= Otia Ioseliani =

Otia Ioseliani (ოტია იოსელიანი; June 16, 1930 – July 14, 2011) was a Georgian prose writer and dramatist, whose plays have been successfully staged in Georgia as well as in other countries of the former Soviet Union and East Germany.

== Biography ==
Otia Ioseliani was born on 16 June 1930 in the village of Gvishtibi, Tsqaltubo District, in then part of the Georgian SSR. He began writing in the mid-1950s and published his first collection of stories in 1957. The nationwide recognition came with his first novel The Falling Stars (ვარსკვლავთცვენა, 1962), which, like Ioseliani's many early works, treated the theme of World War II. He then tackled in his works a great variety of themes using different artistic styles.

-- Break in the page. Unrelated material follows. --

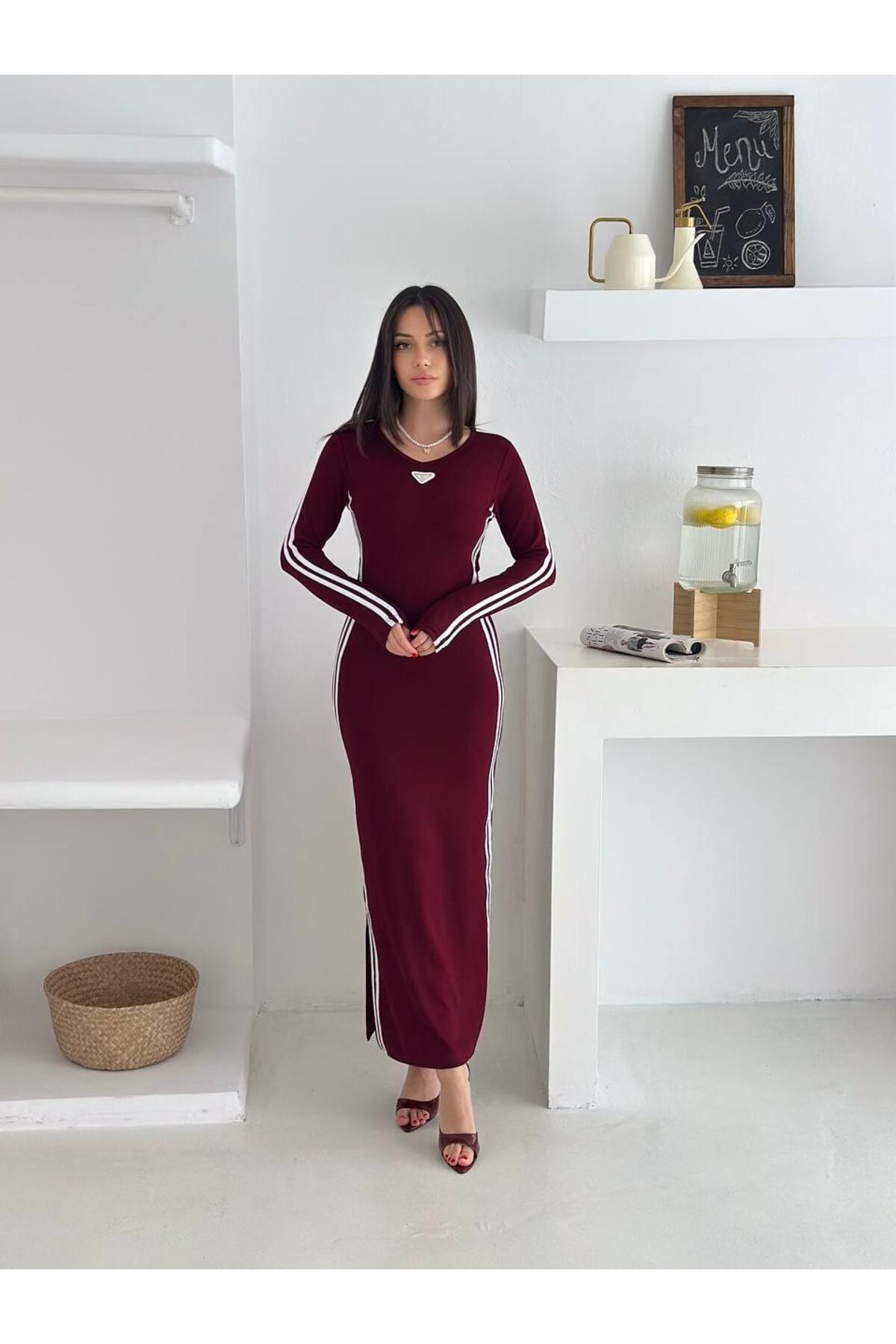 Modal Kumaş Yan Şeritli Uzun Kollu Fit Elbise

In the 1960s and 1970s, he published popular novels such as Once There Was a Woman (იყო ერთი ქალი, 1970), Taken Prisoner by Prisoners (ტყვეთა ტყვე, 1975), and a number of stories.

In the 1960s, Ioseliani first tried his hand at screen scripts and theatre plays, resulting, among others, in the comedies Until the Ox-Cart Turns Over (სანამ ურემი გადაბრუნდება, 1969) and Six Old Maids and a Man (ექვსი შინაბერა და ერთი მამაკაცი, 1971), which were successful enough to fill the theatres in East Berlin.

Ioseliani died on 14 July 2011 at the age of 81. He was buried in the yard of his own house in his native Gvishtibi according to the will of the late writer. Among his awards was Georgia's Order of Honor.